A few of the partners are global and have a responsibility of engaging with all of the offices. I do find that to be really important so that we do not end in a siloed view of what we all do. It is a balance. I cannot sit on a lot of boards or do a lot of teaching in addition to doing what I do at BIG and having two kids to raise with my wife. That is important to me, that I am also able to be there for them. They bring so much to my life and it is in a way what I have been waiting for for so long. And yet it is also the ability to live that dream that I have had personally of being involved in these projects and making sure that we get as many opportunities of doing great work everywhere.

On the client-architect relationship…

Kai-Uwe and Dale Chihuly

One experience really stuck with me while working with the glass artist Dale Chihuly. One of the installations was at the Tower of David Museum in Jerusalem. Adjacent to the museum there is a gate through a big wall built by Suleiman, an older Ottoman Empire general. Suleiman had two architects who designed the wall for him. There were a few secret entrances in and out of the wall and when the wall was finally finished, they were the only ones besides him who knew where those were, so he killed both of them. He placed their graves right inside the entrance to Jerusalem. You walk in, look to your left, and there are two turban monuments to the two architects that designed the wall.
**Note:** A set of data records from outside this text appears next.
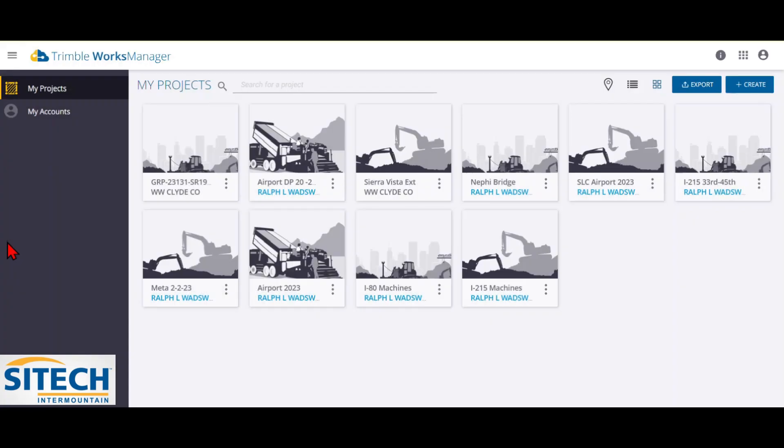Welcome to SiteTech Intermountain training videos. In this video, I'm going to show you how to create a project in Trimble Works Manager.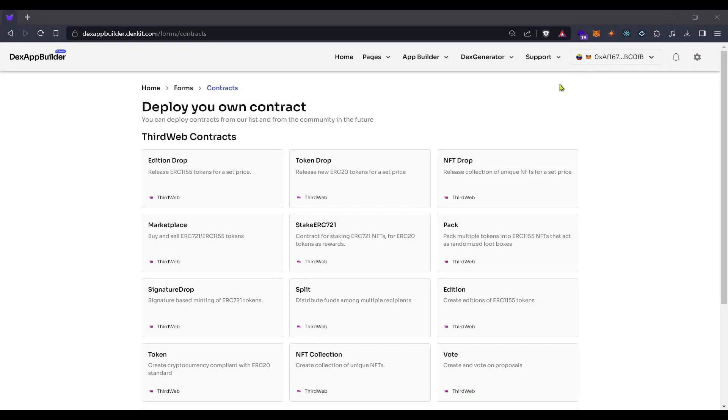Hello, at this occasion, you will learn how to deploy an NFT drop contract using Dex Generator, a solution from DigzApp Builder.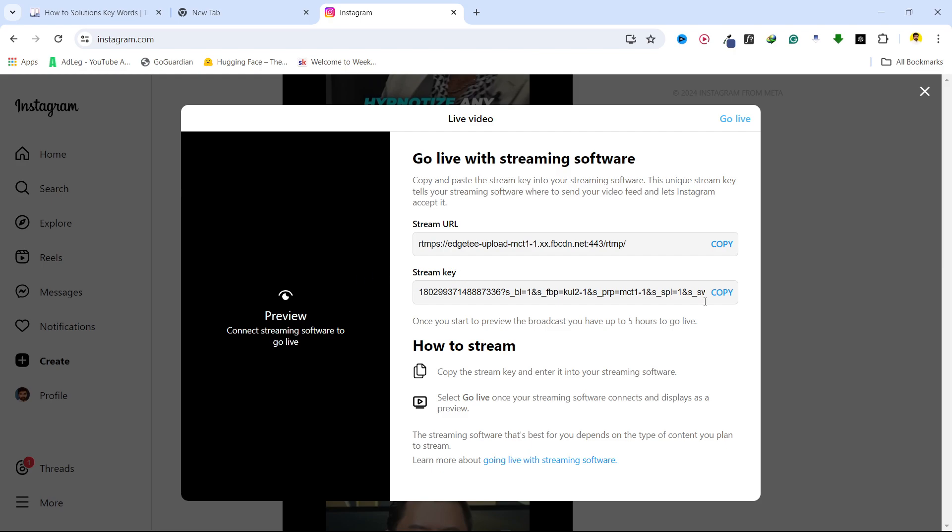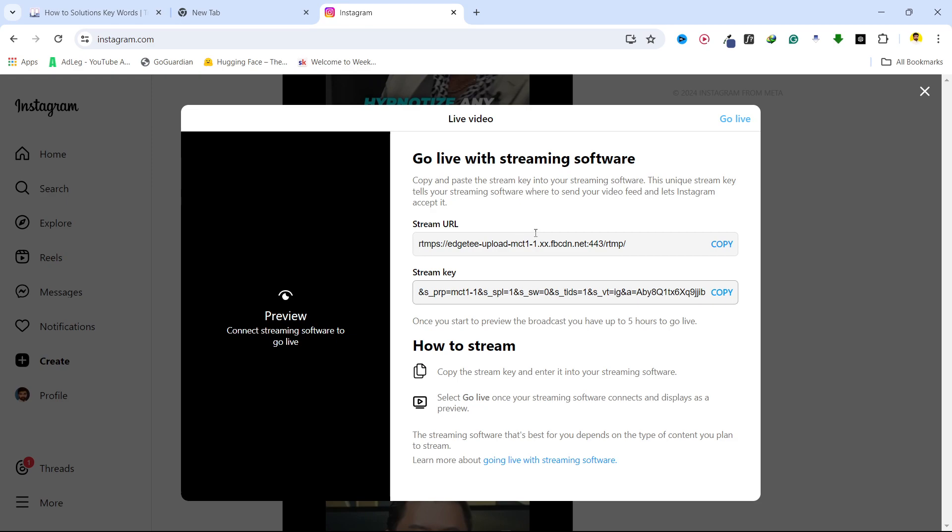Here is the stream key that you need to copy. You can use that to stream on whatever website or software you want. You can use this with any streaming software.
To me, that meant that one should always get to know the clients that you are working with and never get to where it is only knowledge that sits between yourself and them. It is still a very unique relationship between clients and architects. You still have to be very careful of who you work with. That stuck with me in terms of always making sure to vet and to understand the experiences that were offered.

On infectious energy…

I have hopefully brought an infectious energy that both feeds me and that I also in turn give back. No two days are the same and therefore you have to be very agile and able to pivot and do whatever is asked for. That could be mopping the floors when there is a break in the plumbing to really strategizing and thinking about the future when COVID hits. I think that it is that ability to be ready for anything and hopefully to come at it with a positivity that people can rely on and feed off of.

On the lack of a plan…

There is no five year plan. I do not want to say it is unstrategic or not thought out, but it is the ability to adapt and to look for rays of hope or rays of light within adversity. Adversity is around every corner, also within the negativity that architects have to confront. If you were to run a football club and you would have 10 percent of your shots on goal go through, you would be at the bottom of every league. Architects typically have a winning rate of one out of ten. You are at the end of the day responsible for the path that you choose, the decisions you make, and the future that you will experience.